Gout is associated with a higher risk of fracture; however, the associations of hyperuricemia and urate-lowering therapy (ULT) with the risk of fracture have been inconsistent. We examined whether lowering serum urate (SU) levels with ULT to a target level (i.e., <360 μmol/L) reduces risk of fracture among people with gout. We emulated analyses of a hypothetical target trial using a "cloning, censoring, and weighting" approach to examine the association between lowering SU with ULT to the target levels and the risk of fracture using data from The Health Improvement Network, a United Kingdom primary care database. Individuals with gout who were 40 years or older and initiated ULT were included in the study. Among 28,554 people with gout, the 5-year risk of hip fracture was 0.5% for the "achieving the target SU level" arm and 0.8% for "not achieving the target SU level" arm, respectively.
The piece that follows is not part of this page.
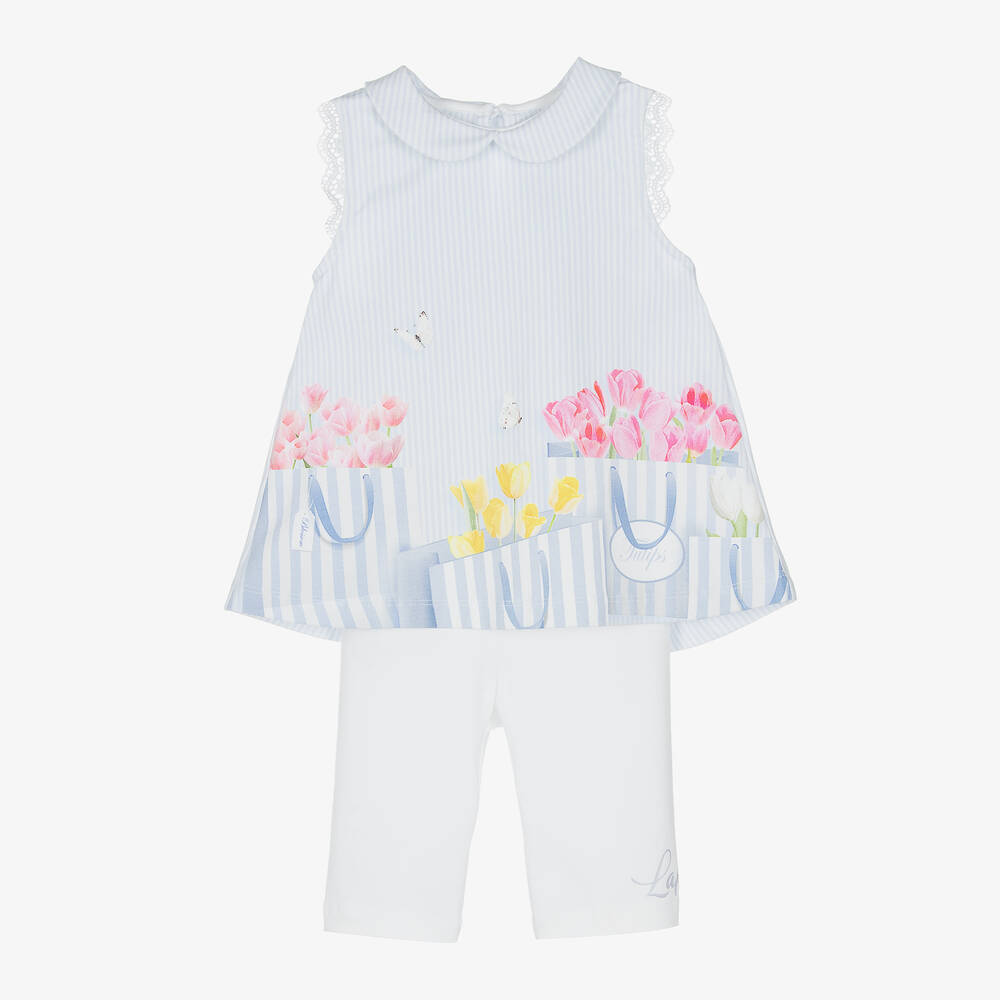 Lapin House - Girls Blue Floral Striped Shorts Set | Childrensalon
The risk difference and hazard ratio for "achieving the target SU level" arm was -0.3% (95% confidence interval [CI]: -0.5% to -0.1%) and 0.66 (95% CI: 0.46 to 0.93), respectively, compared with "not achieving the target SU level". Similar results were observed when the associations of lowering SU level with ULT to the target levels with the risk of composite fracture, major osteoporotic fracture, vertebral fracture, and non-vertebral fracture were assessed. In this population-based study, lowering the SU level with ULT to the guideline-based target level is associated with a lower risk of incident fracture in people with gout.